====== Materials provided

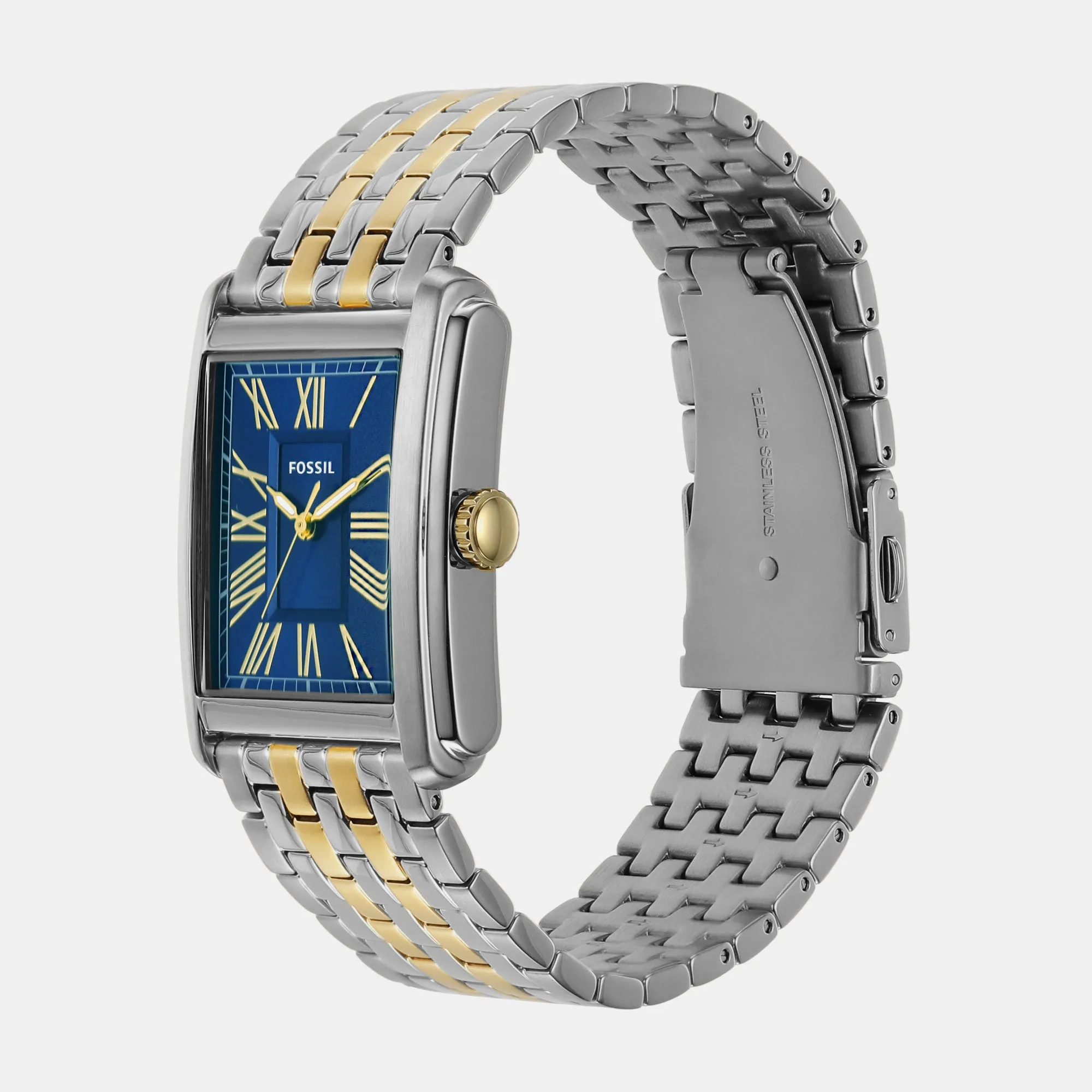 Carraway Men Quartz Blue Dial Analog Stainless Steel Watch FS6010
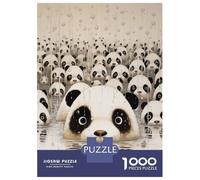 Jigsaw 1000 Pieces for Adults Panda Rain Animals Art Jigsaw for Adults Relaxing Games Analysis And Logic Deal As Gifts for The Whole Family 70x50cm/1000pcs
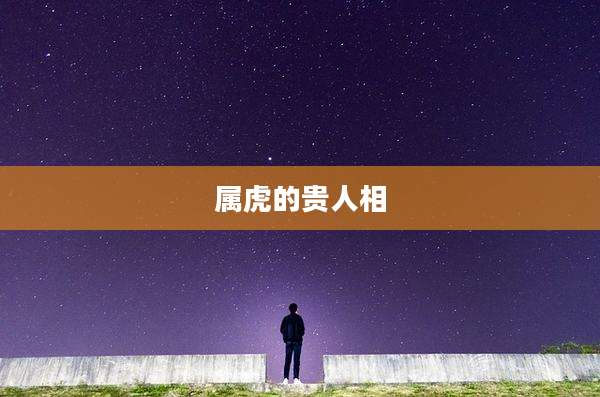 属虎的贵人相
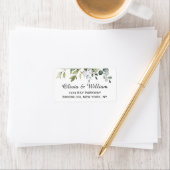 Eukalyptus Greenery Unexpected Classic Tour Adressaufkleber (Insitu)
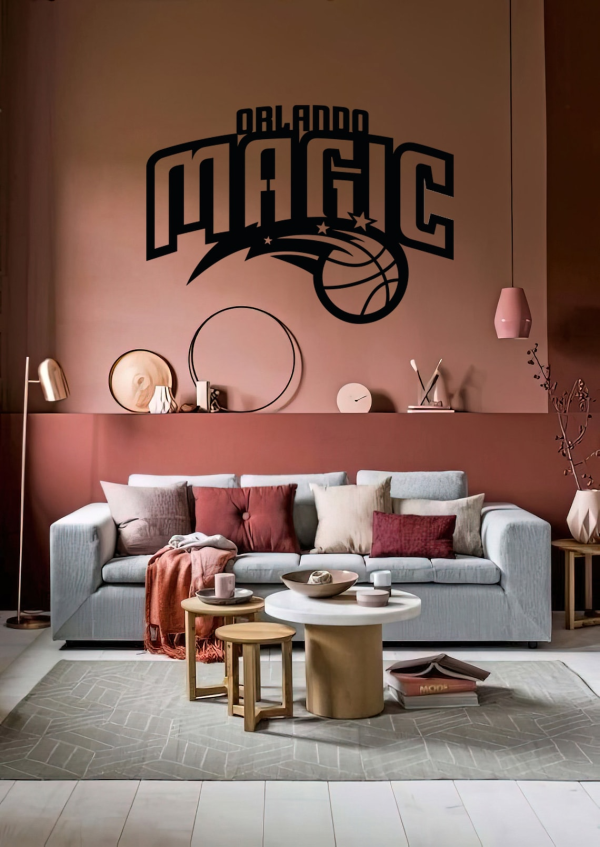Personalized Orlando Magic Sign NBA Basketball Wall Decor Gift for Fan Custom Metal Sign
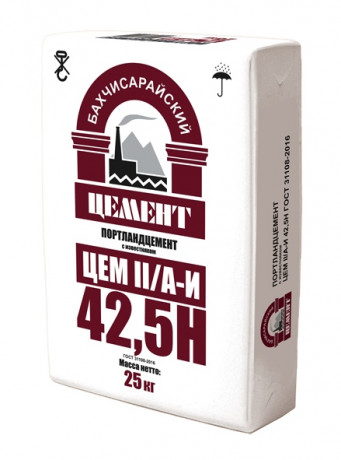 Цемент ЦЕМ II/A-И 42,5Н 25кг (64) супер цем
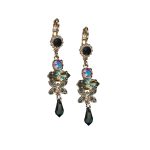 Mariana Earrings Elegant Blacks, AB & Golden Shadow Austrian Crystals Adeline Odyssey Coll.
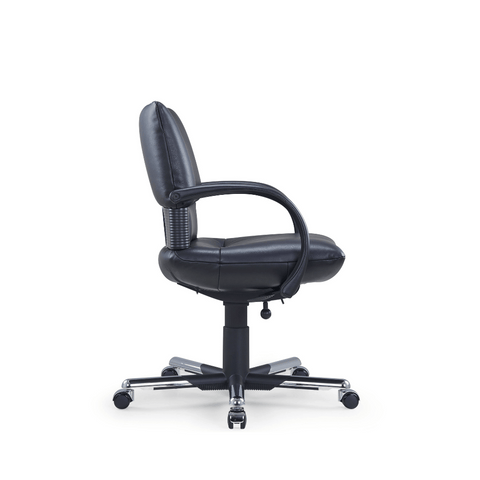 Vintage-L Classic Low Back Genuine Leather Office Conference Chair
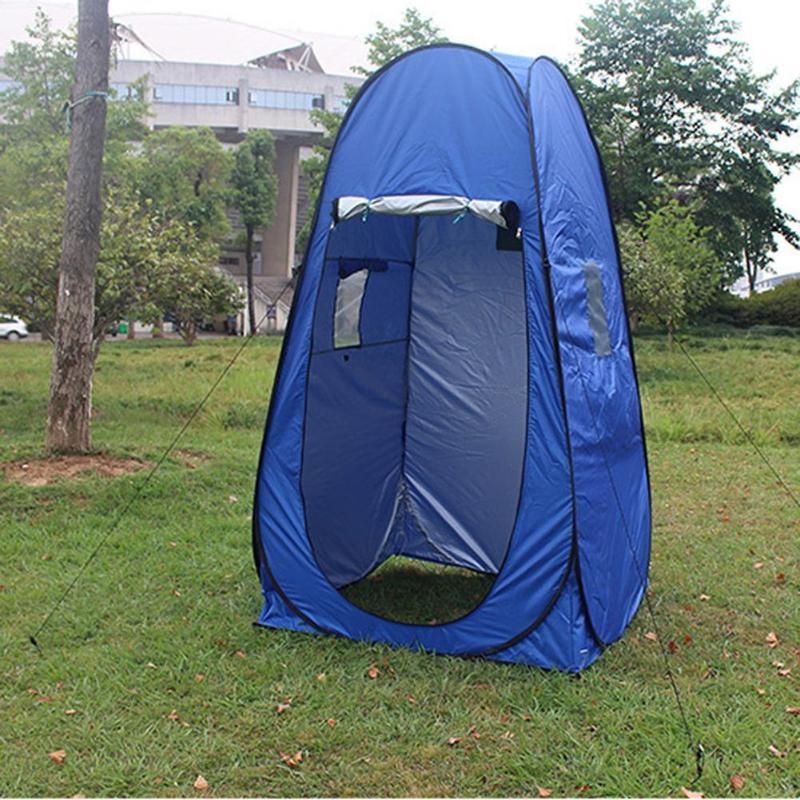 ห้องอาบน้ำฝักบัว เต็นท์อาบน้ำ แบบพกพาห้องสุขาเคลื่อนที่เต็นท์กลางแจ้ง Portable Pop Up Shower Changing Room Mobile Toilet Outdoor Tent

============

__What needs to be done__
Retype the entries above exactly, starting at their first line and ending with the line that holds "Eukalyptus Greenery Unexpected"; pictures stay out.

__Result__
 Carraway Men Quartz Blue Dial Analog Stainless Steel Watch FS6010
 Jigsaw 1000 Pieces for Adults Panda Rain Animals Art Jigsaw for Adults Relaxing Games Analysis And Logic Deal As Gifts for The Whole Family 70x50cm/1000pcs
 属虎的贵人相
 Eukalyptus Greenery Unexpected Classic Tour Adressaufkleber (Insitu)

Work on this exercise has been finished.